Deployment of an On-the-edge Clinical Decision Support System in Neonatal Intensive Care Units

Meng Chen1, Alain Beuchée2, Arnaud Coursin3, Pheng Ho4, Alfredo Hernandez5
1Univ Rennes - LTSI UMR 1099, 2LTSI UMR 1099, 3CHU Rennes, 4Philips Medizin Systeme Böblingen GmbH, 5INSERM - LTSI U 1099


Abstract

Context: Premature infants require continuous monitoring prior to discharge from neonatal intensive care units (NICU). Conditions such as icterus, apnea, bradycardia, sepsis, etc. are life-threatening and/or cause long-term consequences for this population. The deployment of an AI-based clinical decision support system (CDSS) facilitating early prediction, diagnosis and intervention in the NICU setting is challenging yet promising. This work presents the design, implementation and deployment analysis of a CDSS, allowing for quasi-real-time processing of high-resolution monitoring time series and hospital information system (HIS) data, embedded into a virtual machine (VM).

Methods: Raw signals from NICU monitors are exported through Philips' Data Warehouse Connect system. Also, regularly-sampled clinical data from the HIS are exported. Every 15 min, data concerning the last 20 min from these two sources are copied into a VM mounting point. This VM contains the entire chain of data handling, processing and model inference, which is activated each time a new data segment arrives. The processing pipeline includes RR series calculation and correction, HRV analysis, feature extraction and the application of a previously trained and tested model, in inference mode, to make clinically meaningful predictions, while minimizing computation time and memory footprint.

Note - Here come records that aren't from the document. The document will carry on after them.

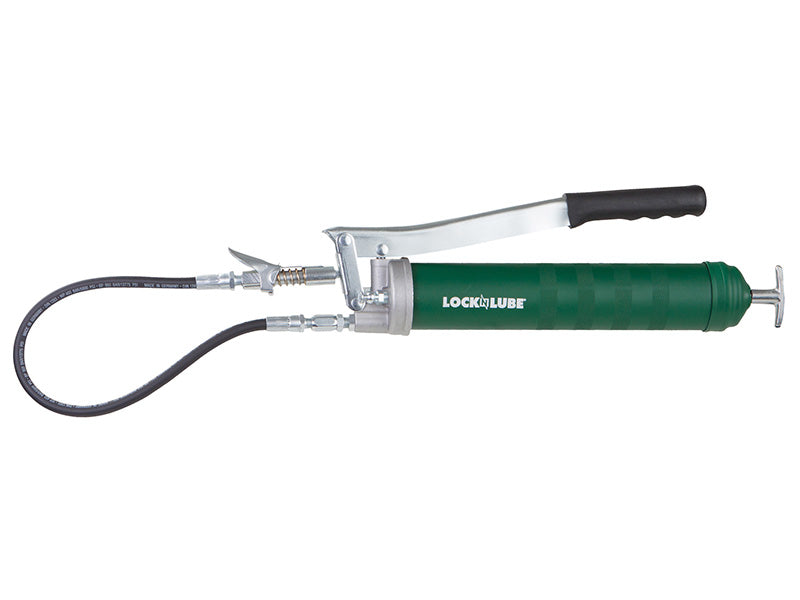 lever grip grease gun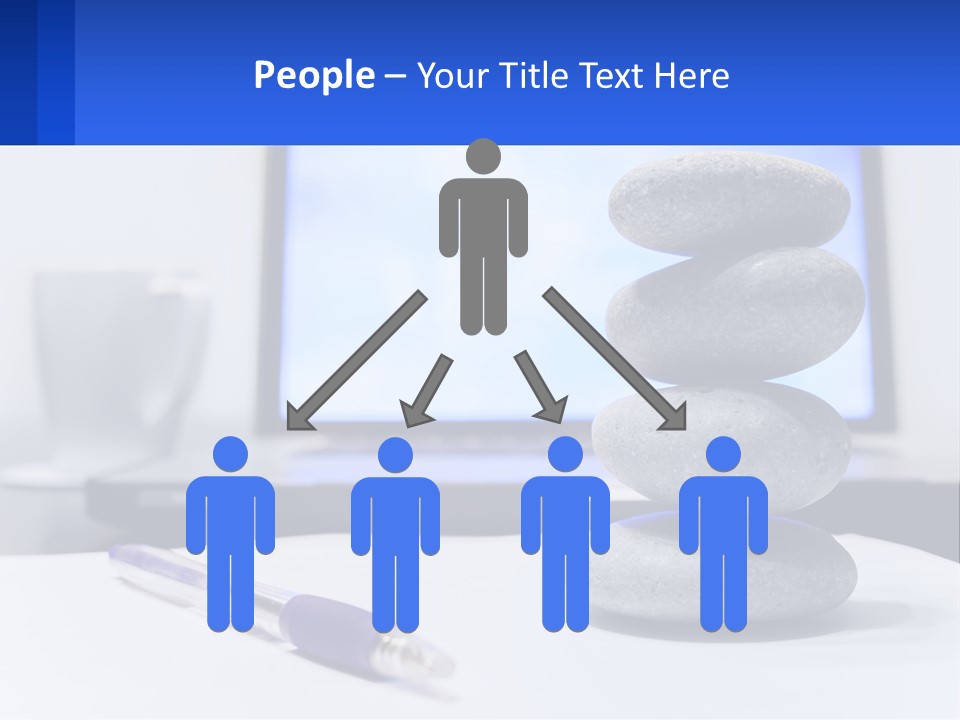 Condition Technology Electricity PowerPoint Template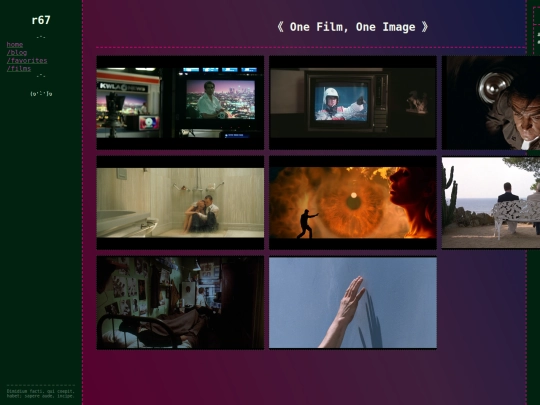 films screenshot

Results: The proposed system was deployed at the University Hospital of Rennes in Jan 2023. Improved stabilization was quantitatively measured through the continuous error-free running time increasing from < 5 hrs. to > 12 hrs. and > 3 days during three deployment stages. The system has been running steadily for over a month, constantly receiving data from 10 neonates, processing live data, and producing bilirubin level estimations uninterruptedly.

Conclusion: To our knowledge, this is the first description of a multi-source, on-the-edge CDSS deployed in a NICU scenario. This proof-of-concept is particularly encouraging and required for the forthcoming prospec-tive clinical evaluation of our inference models.